Włosi w ogonie Europy. Mancini i Allegri nie zgadzają się ze sobą

Nicola Zalewski
Obserwuj nas w
PressFocus Na zdjęciu: Nicola Zalewski

W poprzednich rozgrywkach włoscy gracze, którzy nie ukończyli jeszcze 21 roku życia w sumie spędzili na murawie zaledwie 1,5% minut, które mogli rozegrać w całym sezonie. To fatalny wynik. Najgorszy w czołowych ligach na Starym Kontynencie – zauważają w swoim najnowszym tekście na SerieA.pl Piotr Dumanowski i Dominik Guziak. Komentatorzy Eleven Sports dotykają jednego z największego problemu włoskiej piłki. Problemu, który jest jedną z przyczyn ostatnich klęsk Włochów w walce o mundiale.

  • Młodzi piłkarze, wbrew trendowi znanemu z Serie A, by nie dawać im zbyt wielu szans, radzą sobie naprawdę dobrze
  • Max Allegri, więc jeden z najlepszych włoskich trenerów, swego czasu wprost określił ścieżkę dla młodzieży – jego zdaniem ta powinna wieść przez Serie C i Serie B, aż do gry w elicie dopiero w wieku ok. 25 lat
  • To sprawia, że Włochy pod kątem dawania szans młodym piłkarzom, są krajem zacofanym w stosunku do innych lig z najlepszej piątki w Europie

Allegri kontra Mancini

Włoskie podejście do młodzieży idealnie opisuje zdanie, które wypowiedział swego czasu trener Juventusu, Massimiliano Allegri:

– Młodzi chłopcy muszą powoli wspinać się w swojej karierze, bo w innym wypadku możemy ich stracić. Mało jest takich, którzy są fenomenalni w wieku 20 lat.

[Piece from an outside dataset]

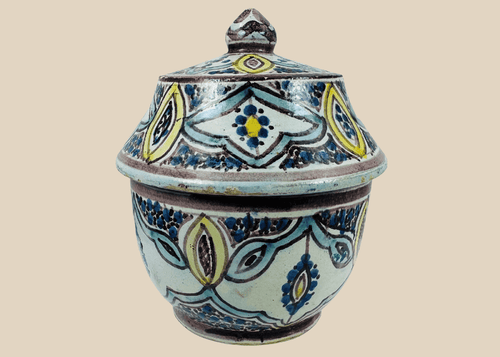 Antique Moroccan hand-painted pottery jar with fitted lid and floral decoration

Piłkarze zazwyczaj dojrzewają, gdy mają 25 lub 26 lat. Najpierw muszą liznąć Serie C, potem pograć w Serie B i dopiero wtedy są gotowi na Serie A. Tak powinni się rozwijać, nie musimy w tym temacie kombinować.

To zdanie idealnie opisuje podejście większości włoskich klubów do młodych talentów, głównie tych rodzimych ale także sprowadzanych z zagranicy. Doświadczenie stawiane ponad talentem. W kontrze do takiego myślenia jest selekcjoner włoskiej reprezentacji, Roberto Mancini, który na każdym kroku powtarza, że w Italii wciąż rodzą się gracze utalentowani, ale nie otrzymują pomocy. Wielu trenerów nie chce zaryzykować i postawić na młodych piłkarzy, bo boi się porażki i straty pracy.

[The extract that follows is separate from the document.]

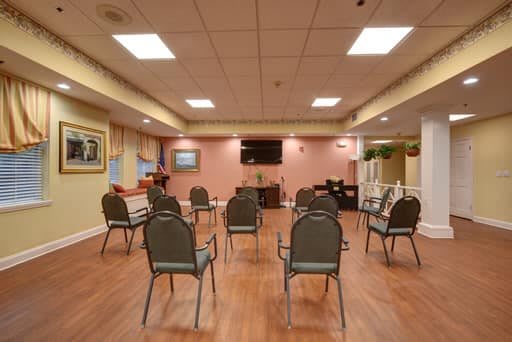 A meeting room with chairs arranged in a circle facing a television on pink walls.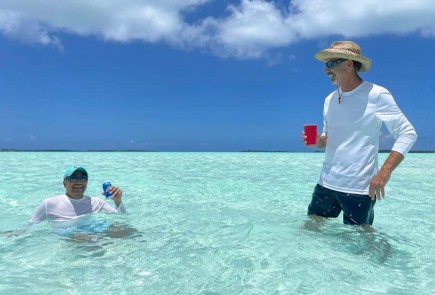 two men enjoying the water and having some drinks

Tezę postawioną przez Roberto Manciniego można obronić patrząc na wyniki osiągane przez młodzieżowe reprezentacje Włoch. Drużyna do lat 17 dochodziła do finałów Mistrzostw Europy w 2018 i 2019 roku. Podobnie było w przypadku reprezentacji U-19, która też w 2016 i 2018 przegrywała dopiero w finale Euro. Inaczej wygląda to w przypadku drużyny do lat 21, która stanowi przedsionek do dorosłej kadry. Reprezentacja Italii U-21 nie zdołała zakwalifikować się na trzy ostatnie Igrzyska Olimpijskie, w finale Euro ostatni raz zagrała w 2013 roku, a tytuł mistrza Starego Kontynentu świętowała 18 lat temu. Włosi mają utalentowanych piłkarzy, potrafią ich rozwijać, ale problem pojawia się, gdy trzeba wkroczyć do kadry dorosłej drużyny Serie A i postawić kluczowy krok w karierze. O specyfice włoskiego wchodzenia w piłkarską dorosłość opowiadał nam Bartosz Salamon, który sam trafił do Włoch gdy miał 16 lat:

– Jeśli jesteś mega dobry to i tak idziesz na wypożyczenie, ale do słabszego klubu Serie A. Tak było w przypadku mojego przyjaciela Lorenzo Pellegriniego, który trafił z Romy do Sassuolo. Jeśli jesteś trochę słabszy, ale widzą w tobie potencjał to musisz zejść do Serie B. Bardzo trudno jest przebić się młodym zawodnikom w dużych klubach – tłumaczył Salamon.